◆ EXERCISE DESCRIPTION
Below are some entries. Transcribe the lines from the one holding "[2009-05-fn-tooth-decoration-skull.jpg]" to the one holding "拯救粗壯小腿，三個方法：小腿更瘦、更細長！", inclusive, but not the pictures among them.

◆ AVAILABLE DATA
******************************

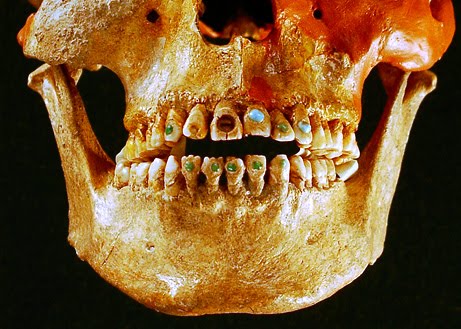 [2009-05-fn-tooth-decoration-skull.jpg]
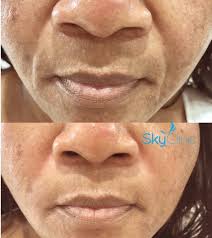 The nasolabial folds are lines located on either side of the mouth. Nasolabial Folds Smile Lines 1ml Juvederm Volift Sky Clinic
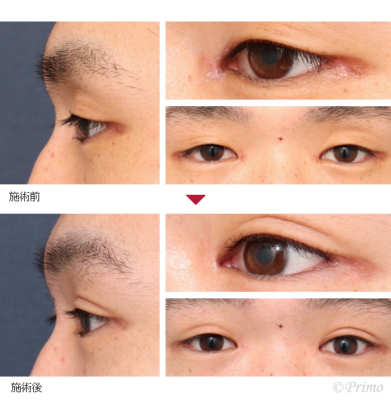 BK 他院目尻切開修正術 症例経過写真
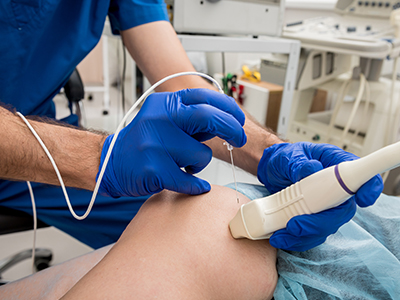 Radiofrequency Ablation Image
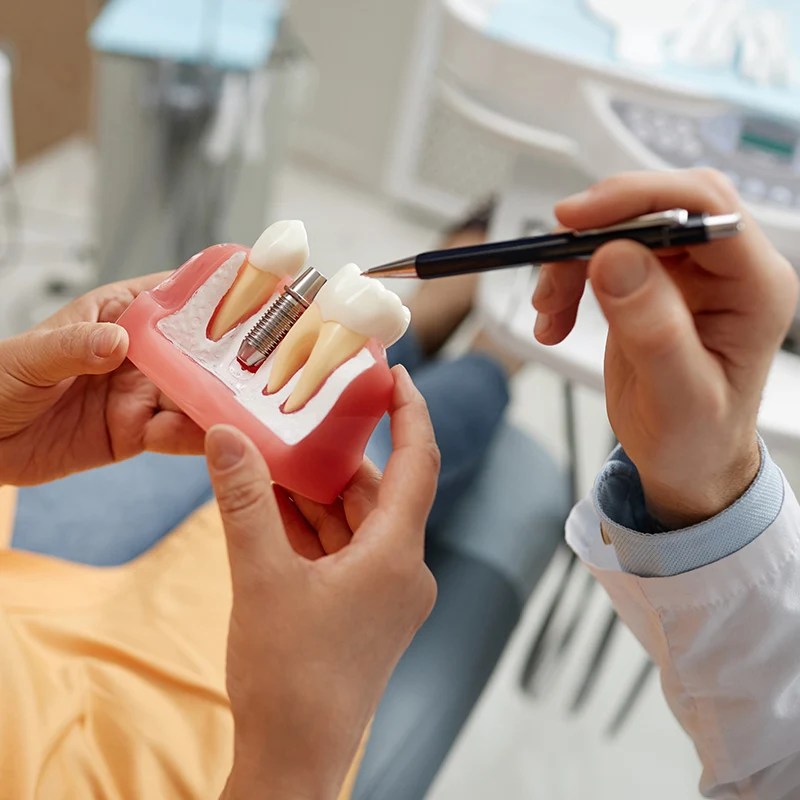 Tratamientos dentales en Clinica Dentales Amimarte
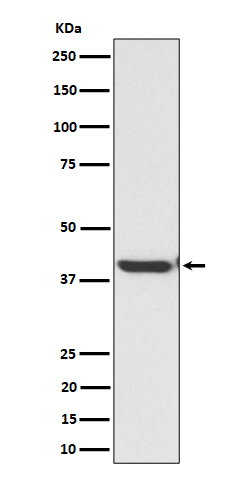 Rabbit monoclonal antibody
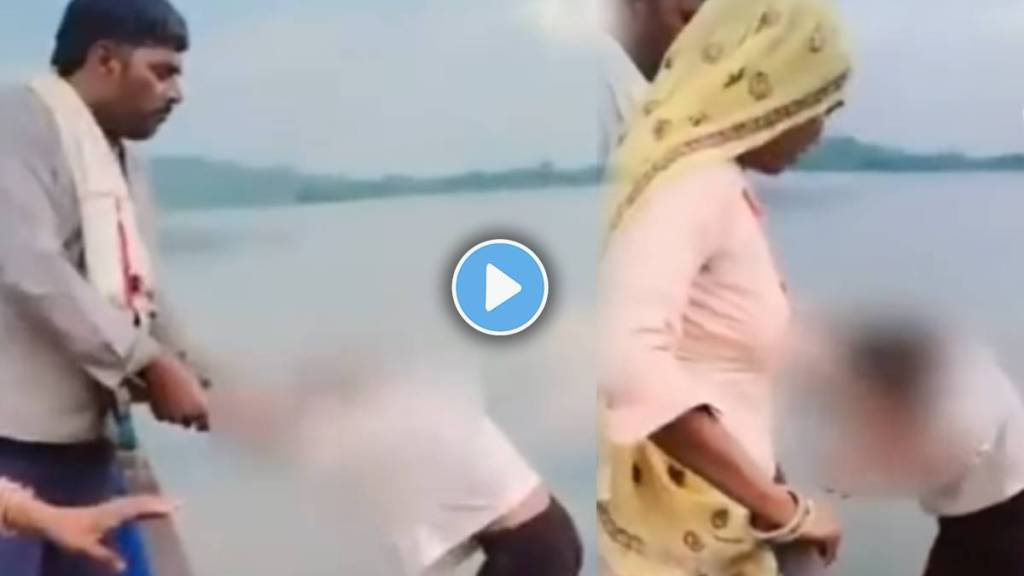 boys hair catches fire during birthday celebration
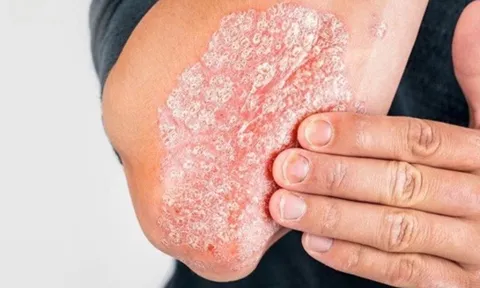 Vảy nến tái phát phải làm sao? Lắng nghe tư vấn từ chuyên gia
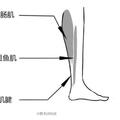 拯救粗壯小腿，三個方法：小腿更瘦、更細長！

******************************

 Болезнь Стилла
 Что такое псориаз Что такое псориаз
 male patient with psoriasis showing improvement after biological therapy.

******************************

◆ TASK ANSWER
 [2009-05-fn-tooth-decoration-skull.jpg]
 The nasolabial folds are lines located on either side of the mouth. Nasolabial Folds Smile Lines 1ml Juvederm Volift Sky Clinic
 BK 他院目尻切開修正術 症例経過写真
 Radiofrequency Ablation Image
 Tratamientos dentales en Clinica Dentales Amimarte
 Rabbit monoclonal antibody
 boys hair catches fire during birthday celebration
 Vảy nến tái phát phải làm sao? Lắng nghe tư vấn từ chuyên gia
 拯救粗壯小腿，三個方法：小腿更瘦、更細長！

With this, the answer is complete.